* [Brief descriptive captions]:
■ ■ ■ ■

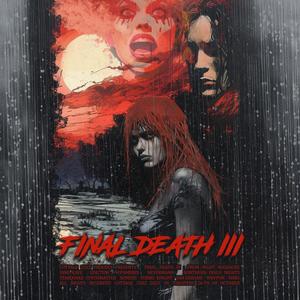 FINAL DEATH III: Prom Night Massacre (feat. Dimi Kaye)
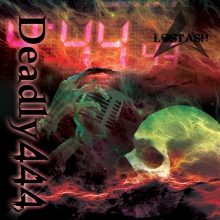 Deadly444<ボーナス盤> Deadly444<ボーナス盤>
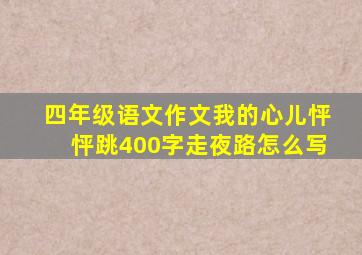 四年级语文作文我的心儿怦怦跳400字走夜路怎么写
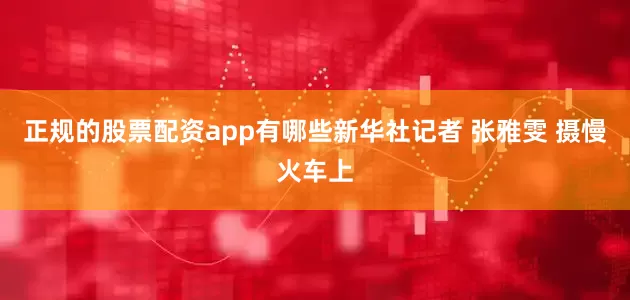正规的股票配资app有哪些新华社记者 张雅雯 摄　　慢火车上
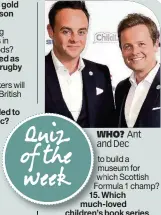  ??  ?? WHO? Ant and Dec
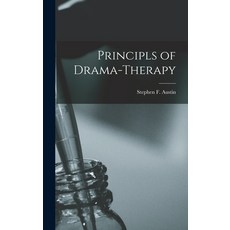 (英文圖書) Principls of Drama-therapy 精裝版, Legare Street Press, 英文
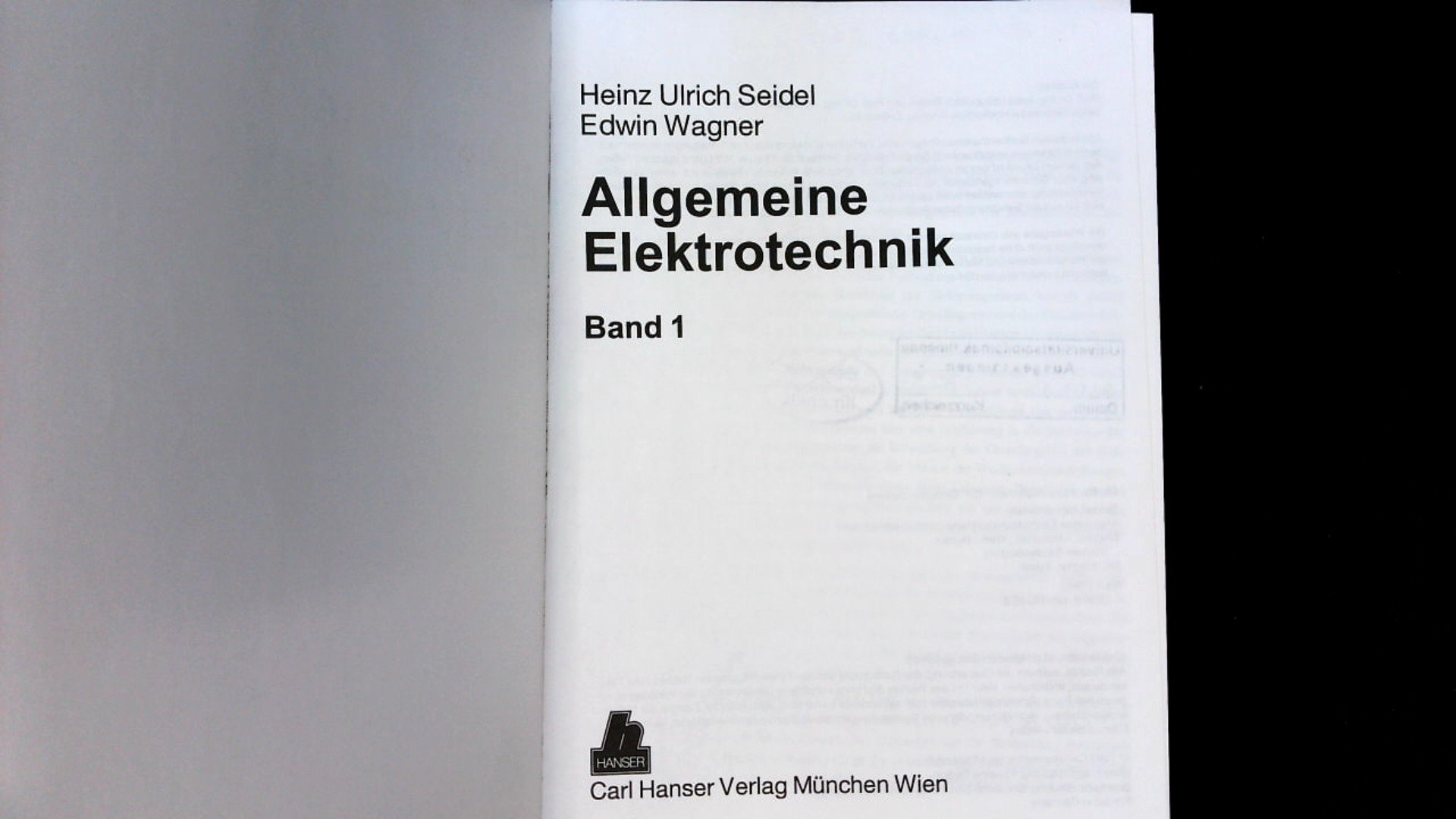 Allgemeine Elektrotechnik. Bd. 1, Hanser-Lehrbuch. - Seidel, Heinz-Ulrich und Edwin Wagner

■ ■ ■ ■

* [Task to carry out]:
Take the line that holds "Deadly444<ボーナス盤> Deadly444<ボーナス盤>" as the start and the last line of the data as the end. Copy only those lines exactly, both ends included, except the pictures.

* [Result of this exercise]:
 Deadly444<ボーナス盤> Deadly444<ボーナス盤>
 四年级语文作文我的心儿怦怦跳400字走夜路怎么写
正规的股票配资app有哪些新华社记者 张雅雯 摄　　慢火车上
  ??  ?? WHO? Ant and Dec
 (英文圖書) Principls of Drama-therapy 精裝版, Legare Street Press, 英文
 Allgemeine Elektrotechnik. Bd. 1, Hanser-Lehrbuch. - Seidel, Heinz-Ulrich und Edwin Wagner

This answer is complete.